Available data: Begin

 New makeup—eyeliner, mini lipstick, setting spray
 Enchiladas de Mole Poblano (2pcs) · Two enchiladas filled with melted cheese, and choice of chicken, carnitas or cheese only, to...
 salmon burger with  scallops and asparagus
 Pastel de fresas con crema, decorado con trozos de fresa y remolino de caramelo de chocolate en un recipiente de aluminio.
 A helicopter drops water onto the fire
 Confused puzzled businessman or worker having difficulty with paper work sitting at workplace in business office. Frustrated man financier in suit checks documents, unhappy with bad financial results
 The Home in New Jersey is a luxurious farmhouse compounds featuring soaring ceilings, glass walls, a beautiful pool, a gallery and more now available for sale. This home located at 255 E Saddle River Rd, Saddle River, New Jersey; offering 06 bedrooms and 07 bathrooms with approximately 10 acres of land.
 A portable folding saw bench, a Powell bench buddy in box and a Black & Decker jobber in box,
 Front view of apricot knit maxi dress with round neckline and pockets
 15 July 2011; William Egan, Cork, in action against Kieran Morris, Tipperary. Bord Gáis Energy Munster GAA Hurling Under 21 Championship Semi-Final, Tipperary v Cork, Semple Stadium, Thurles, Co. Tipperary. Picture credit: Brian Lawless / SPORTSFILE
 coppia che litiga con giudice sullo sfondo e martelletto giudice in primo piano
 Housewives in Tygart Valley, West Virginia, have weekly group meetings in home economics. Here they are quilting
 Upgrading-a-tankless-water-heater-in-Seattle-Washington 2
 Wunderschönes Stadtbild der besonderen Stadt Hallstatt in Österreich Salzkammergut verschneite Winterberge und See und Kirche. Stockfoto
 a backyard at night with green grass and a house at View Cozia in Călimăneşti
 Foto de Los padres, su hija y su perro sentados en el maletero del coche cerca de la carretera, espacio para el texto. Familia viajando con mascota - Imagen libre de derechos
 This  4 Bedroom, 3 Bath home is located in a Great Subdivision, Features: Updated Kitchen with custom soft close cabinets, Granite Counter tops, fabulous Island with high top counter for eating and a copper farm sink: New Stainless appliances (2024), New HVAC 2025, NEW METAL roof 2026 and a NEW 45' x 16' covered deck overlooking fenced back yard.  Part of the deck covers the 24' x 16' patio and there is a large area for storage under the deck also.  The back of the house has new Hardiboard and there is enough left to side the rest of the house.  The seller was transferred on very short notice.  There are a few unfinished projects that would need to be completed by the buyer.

Available data: End

**Task objective:** The required output is the stretch of entries above from the line containing "Housewives in Tygart" through the line containing "Foto de Los", reproduced exactly.

**Problem solution:**
 Housewives in Tygart Valley, West Virginia, have weekly group meetings in home economics. Here they are quilting
 Upgrading-a-tankless-water-heater-in-Seattle-Washington 2
 Wunderschönes Stadtbild der besonderen Stadt Hallstatt in Österreich Salzkammergut verschneite Winterberge und See und Kirche. Stockfoto
 a backyard at night with green grass and a house at View Cozia in Călimăneşti
 Foto de Los padres, su hija y su perro sentados en el maletero del coche cerca de la carretera, espacio para el texto. Familia viajando con mascota - Imagen libre de derechos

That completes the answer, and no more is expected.